● **YOUR OBJECTIVE**:
Locate the line with "I209A4 M002 40 M3457999 Moncler Black" in the material. Copy that line and each one after it, through the last, exactly and with nothing else.

● **EXCERPTED RECORDS**:
----------------------------------------
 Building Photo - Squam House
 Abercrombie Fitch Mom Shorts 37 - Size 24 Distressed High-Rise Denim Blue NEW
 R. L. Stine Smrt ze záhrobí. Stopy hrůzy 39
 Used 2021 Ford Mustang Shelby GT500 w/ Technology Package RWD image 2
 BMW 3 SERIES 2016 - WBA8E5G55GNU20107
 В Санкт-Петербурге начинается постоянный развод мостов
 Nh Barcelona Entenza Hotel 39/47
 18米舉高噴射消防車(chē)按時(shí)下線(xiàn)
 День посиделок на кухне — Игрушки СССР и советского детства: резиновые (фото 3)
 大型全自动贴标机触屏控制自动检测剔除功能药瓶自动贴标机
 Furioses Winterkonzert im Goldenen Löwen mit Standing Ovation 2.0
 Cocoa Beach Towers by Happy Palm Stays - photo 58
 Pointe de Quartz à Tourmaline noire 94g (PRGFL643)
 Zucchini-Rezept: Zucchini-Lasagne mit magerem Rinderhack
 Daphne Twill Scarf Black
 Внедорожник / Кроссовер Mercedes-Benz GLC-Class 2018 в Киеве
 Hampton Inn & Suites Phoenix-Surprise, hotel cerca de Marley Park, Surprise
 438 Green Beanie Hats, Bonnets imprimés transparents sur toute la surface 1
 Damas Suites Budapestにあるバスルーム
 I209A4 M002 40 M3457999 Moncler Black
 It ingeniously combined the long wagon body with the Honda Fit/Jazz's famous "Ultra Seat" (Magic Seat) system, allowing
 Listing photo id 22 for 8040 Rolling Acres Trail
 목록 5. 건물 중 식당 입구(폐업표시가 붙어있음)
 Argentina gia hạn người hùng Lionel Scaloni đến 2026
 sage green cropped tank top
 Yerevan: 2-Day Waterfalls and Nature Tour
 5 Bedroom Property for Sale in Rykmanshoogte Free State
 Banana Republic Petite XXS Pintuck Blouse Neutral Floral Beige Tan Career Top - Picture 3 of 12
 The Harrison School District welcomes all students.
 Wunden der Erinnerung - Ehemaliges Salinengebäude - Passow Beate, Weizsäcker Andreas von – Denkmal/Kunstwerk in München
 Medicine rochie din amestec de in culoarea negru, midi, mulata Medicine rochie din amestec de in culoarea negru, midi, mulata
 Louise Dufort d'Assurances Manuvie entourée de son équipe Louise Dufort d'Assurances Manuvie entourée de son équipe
----------------------------------------
● **RESPONSE TO THE EXERCISE**:
 I209A4 M002 40 M3457999 Moncler Black
 It ingeniously combined the long wagon body with the Honda Fit/Jazz's famous "Ultra Seat" (Magic Seat) system, allowing
 Listing photo id 22 for 8040 Rolling Acres Trail
 목록 5. 건물 중 식당 입구(폐업표시가 붙어있음)
 Argentina gia hạn người hùng Lionel Scaloni đến 2026
 sage green cropped tank top
 Yerevan: 2-Day Waterfalls and Nature Tour
 5 Bedroom Property for Sale in Rykmanshoogte Free State
 Banana Republic Petite XXS Pintuck Blouse Neutral Floral Beige Tan Career Top - Picture 3 of 12
 The Harrison School District welcomes all students.
 Wunden der Erinnerung - Ehemaliges Salinengebäude - Passow Beate, Weizsäcker Andreas von – Denkmal/Kunstwerk in München
 Medicine rochie din amestec de in culoarea negru, midi, mulata Medicine rochie din amestec de in culoarea negru, midi, mulata
 Louise Dufort d'Assurances Manuvie entourée de son équipe Louise Dufort d'Assurances Manuvie entourée de son équipe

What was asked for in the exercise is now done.